Taxpayer had an adjusted basis of $61,913 in the apartment building on the closing date. Taxpayer had added only the $20,000 down payment and the portion of $4,000 in monthly payments it had received that was allocable to principal. Accordingly, in its federal income tax return for the taxable year ending October 31, 1968, taxpayer reported no gain from the sale of the apartment building. Taxpayer argued that it had reported on its cash basis and that under a prior Tax Court holding (Nina J. Ennis, 17 T.C. 465 (1951)), taxpayer did not have to report gain on the sale until it had recovered its basis.
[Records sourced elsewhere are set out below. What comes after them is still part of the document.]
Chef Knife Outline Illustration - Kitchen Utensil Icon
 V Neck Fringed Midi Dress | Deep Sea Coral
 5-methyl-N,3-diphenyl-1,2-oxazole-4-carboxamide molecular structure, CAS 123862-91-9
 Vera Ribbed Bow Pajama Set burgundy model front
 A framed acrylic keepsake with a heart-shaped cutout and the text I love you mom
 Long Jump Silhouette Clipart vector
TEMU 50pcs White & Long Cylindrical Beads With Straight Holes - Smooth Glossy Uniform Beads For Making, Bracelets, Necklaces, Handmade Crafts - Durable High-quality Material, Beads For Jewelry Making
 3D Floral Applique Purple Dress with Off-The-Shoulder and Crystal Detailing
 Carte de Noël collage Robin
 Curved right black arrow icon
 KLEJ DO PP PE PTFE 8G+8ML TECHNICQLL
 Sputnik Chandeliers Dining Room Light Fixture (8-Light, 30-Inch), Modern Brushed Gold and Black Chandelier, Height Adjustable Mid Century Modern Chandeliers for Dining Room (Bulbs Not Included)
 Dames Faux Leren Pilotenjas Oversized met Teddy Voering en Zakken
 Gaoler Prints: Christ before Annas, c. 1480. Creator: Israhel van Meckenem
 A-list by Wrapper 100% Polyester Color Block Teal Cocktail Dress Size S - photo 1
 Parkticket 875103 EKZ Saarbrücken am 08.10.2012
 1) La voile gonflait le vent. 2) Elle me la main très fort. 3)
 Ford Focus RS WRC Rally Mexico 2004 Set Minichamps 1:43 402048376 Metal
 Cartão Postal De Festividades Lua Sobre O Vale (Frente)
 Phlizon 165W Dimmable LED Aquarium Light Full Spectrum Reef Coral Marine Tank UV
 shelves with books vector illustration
Taxpayer also argued that, if it was required to report gain in the taxable year of sale, Taxpayer would elect do so on the installment basis of I.R.C. § 453.
The Commissioner of the Internal Revenue Service disagreed with the taxpayer’s claim that it had not realized any gain on the sale, but conceded that the sale qualified as an installment sale. Accordingly, the taxpayer’s gain was recalculated in accordance with § 453 and taxpayer was notified that it had recognized an additional $12,098 in long term capital gain. The taxpayer then asked the Tax Court to re-determine taxpayer’s liability. This required determining whether I.R.C. § 1001(b) requires the taxpayer to include the fair market value of its real estate contract with the Storeys for determining the “amount realized” during the taxable year of the sale.
The Tax Court, relying on the “cash equivalency” doctrine, held that the fair market value of the contract was not includable in the amount realized from the sale. Commissioner did not dispute the fair market value of the contract, but argued that since the Tax Court had determined the contract had a fair market value, § 1001(b) required the taxpayer to include the amount of that fair market value in determining the amount value.
The 9th Circuit reversed the Tax Court’s ruling and held that the real estate had a certain fair market value that was determinable. Thus, taxpayer was required to include that fair market value to determine the amount realized under § 1001(b) for its tax return. The 9th Circuit concluded that Congress in a predecessor statute to § 1001(b) had intended to establish that “if the fair market value of property received in an exchange can be ascertained, that fair market value must be reported as an amount realized.” The 9th Circuit also concluded that I.R.C. § 453 supported interpreting § 1001(b) as the Commissioner contended.
The U.S. Supreme Court in Burnet v. Logan, 283 U.S. 404 held that taxpayers using the installment method can defer the recognition of gain according to the open transaction doctrine if an obligation’s fair market value cannot be determined.
Can a taxpayer who elects out of the installment method of I.R.C. § 453 still defer the recognition (inclusion in gross income) of gain by using Burnet v. Logan’s open transaction doctrine? Legislative history seems to imply that Congress would say no. What if a taxpayer elects out of the installment method of accounting despite having the ability to reasonably determine the amount realized from a deferred payment sale? Can the taxpayer defer the recognition of gain in this instance? Presumably not, since “the entire amount realized must be taken into account in the year of sale.” For taxpayers opting to use the cash method of accounting, Warren Jones answers then how amount realized is taken into account. Warren Jones holds that for taxpayers using the cash method accounting then, the entire amount realized “would be the fair market value of the installment obligation.”